Here's my latest find.  CWC frame Roadmaster in original chrome.  Rusted and pitted but all original.  
Tank is perfect.  I have the horn unit in unused condition. Sat in a barn for a while for sure.

Haven't cleaned it so will have something to do this winter...

Some kind of Roadmaster prototype or One-off.  Enjoy.


----------



## Classicriders (Oct 27, 2009)

Based on what I have learned over the years, you have an insanely rare bike there.  A lot of people like to claim their bike is more rare than it really is, but in your case it's truly RARE!!!
I believe what you have there is the Roadmaster Chrome Master.  I saw a poor reprint of an ad for your bike years ago, but never figured I would ever see one.  You should be able to find an original pair of fenders in nicer chrome for pretty reasonable.  
I usually don't gush over a bike on here, but WOW, really a great score, congrats to you!!


----------



## Oldbikes (Oct 27, 2009)

First one I've ever seen!  Congrats!


----------



## eazywind (Oct 27, 2009)

*Oh Phil......*

Oh Phil............Heh, Heh...........


----------



## RMS37 (Oct 27, 2009)

I spoke with John, the new owner, after he found the bike and just before he purchased it. 

From conversations I had with Leon Dixon some time ago I learned that CWC actually produced a "Chrome Master" badge that was used on some version of a Full Chrome Roadmaster. Both this bike and the 1936/37 Ladies bike that John also turned up a while back have standard Roadmaster badges so whether these are "Chrome Masters" or Chrome Roadmasters is a matter of speculation.

The 1937 catalog depicts Chrome versions of the basic models as special models unto themselves and the company priced them above the tank-less boy's Supreme and just below the boy's and Girl's tank models. Needless to say the chrome bill was big then as it is now. 

Other than the 1937 CWC catalog I don't know of any catalog offerings for all chrome bikes but there are rumors of them existing in print outside the catalogs as Classicrider pointed out.

Another possibility is that this bike is a design prototype or special show bike that was never meant for series production.
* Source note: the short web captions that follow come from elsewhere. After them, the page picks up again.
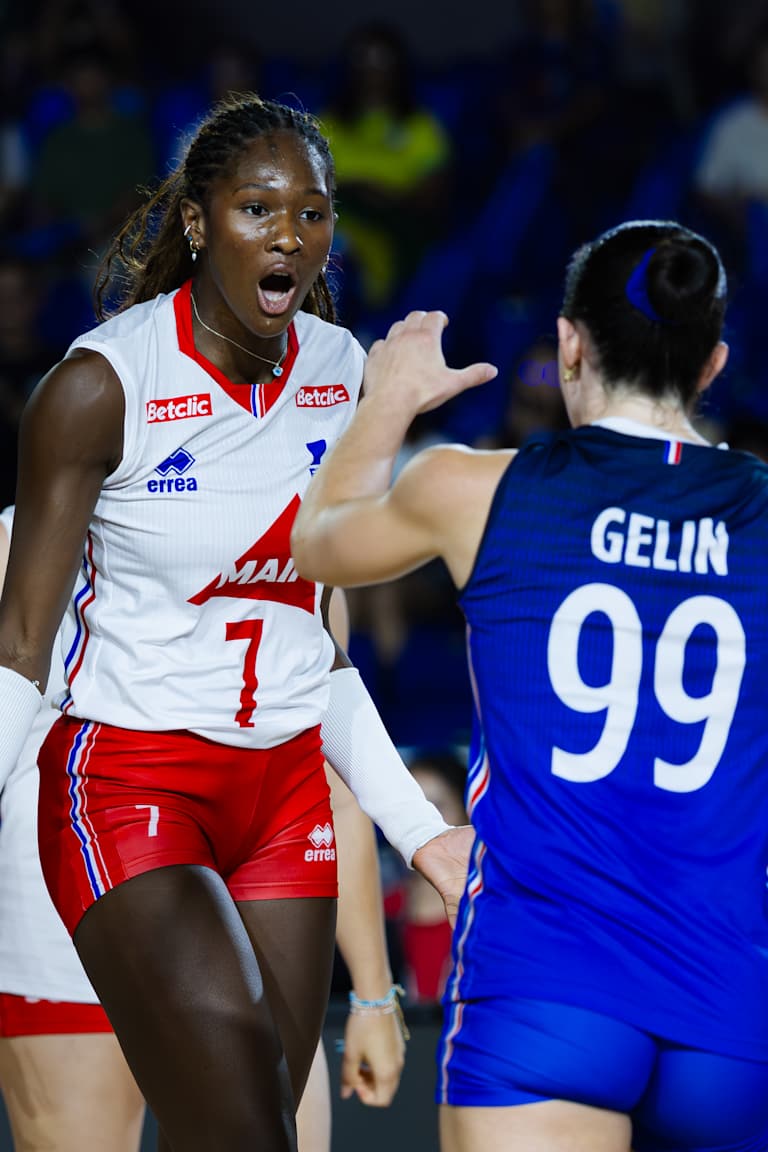 Five aces from Ndiaye help France start off with a win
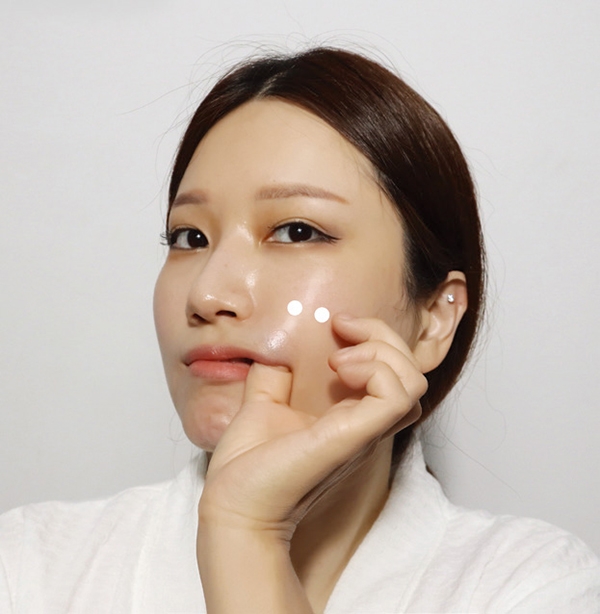 嘴角下垂、頸紋變深如何改善？每2、3天一次韓式經絡按摩，恢復肌肉彈性並淡化法令紋_img_2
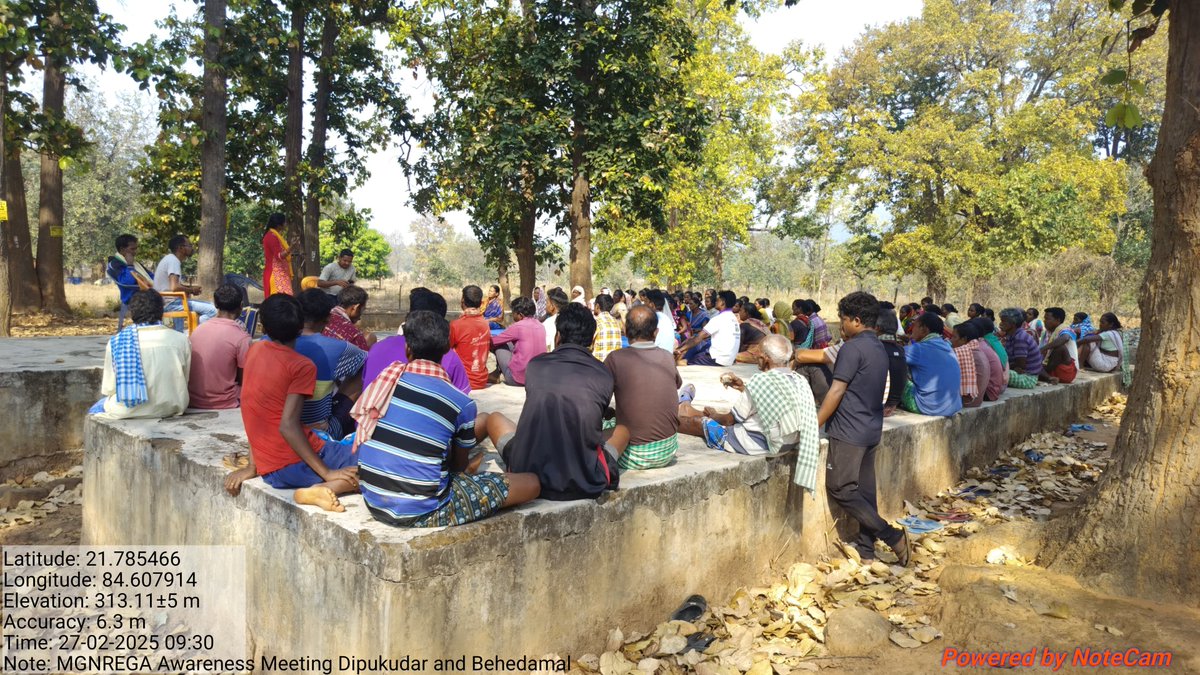 DfoBonai's tweet photo. A convergence meeting with the PR Department - MGNREGA secured 40 new job card applications, #supporting #alternativelivelihoods in Dipukudar &amp; Behedamal VSS. Attendees included the Sarpanch President, GRS, &amp; MET representatives. #SustainableLiving 
@pccfodisha 
@RourkelaRc79045 https://t.co/FaEtL3Jd5q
It has an interesting mix of parts and the bumper truss rods in the front appear to be slightly different than the standard production versions (the rears are definitely not like any production item).

As for dating the bike the serial number equates to late 1949/early 1950 by my serial number model and the bike has the 47-49 dropouts combined with the formed plate rear fender bridges which begin to appear on frames just before the move to the 50-53 style dropouts.

John seems to have a divining knack for finding chrome Roadmasters so I'm really looking forward to what he finds next!


----------



## ChadB (Nov 3, 2009)

I have one of those ball lights for my Roadmaster, but it doesn't fit on the fork unless it's tilted down slightly...Is it supposed to be like that? I notice this chrome bike has the same light but it's mounted up and away from the fork tube.


----------



## hzqw2l (Apr 27, 2010)

Here's the bike cleaned for the Ann Arbor show last Sunday.  

I entered it as a 1948 Roadmaster in the Best 1940's Classic Bike catagory sponsored by the Classic Bicycle News.

To my suprise it Won.

Here's a shot with Scott McCaskey with the bike at the show.





And outside on Monday.


----------



## PCHiggin (Apr 28, 2010)

I saw that bike, It's a beauty! Awesome clean up job.I didn't get next to it,but the chrome looks great. Nice find and congrats on the award.

Pat


----------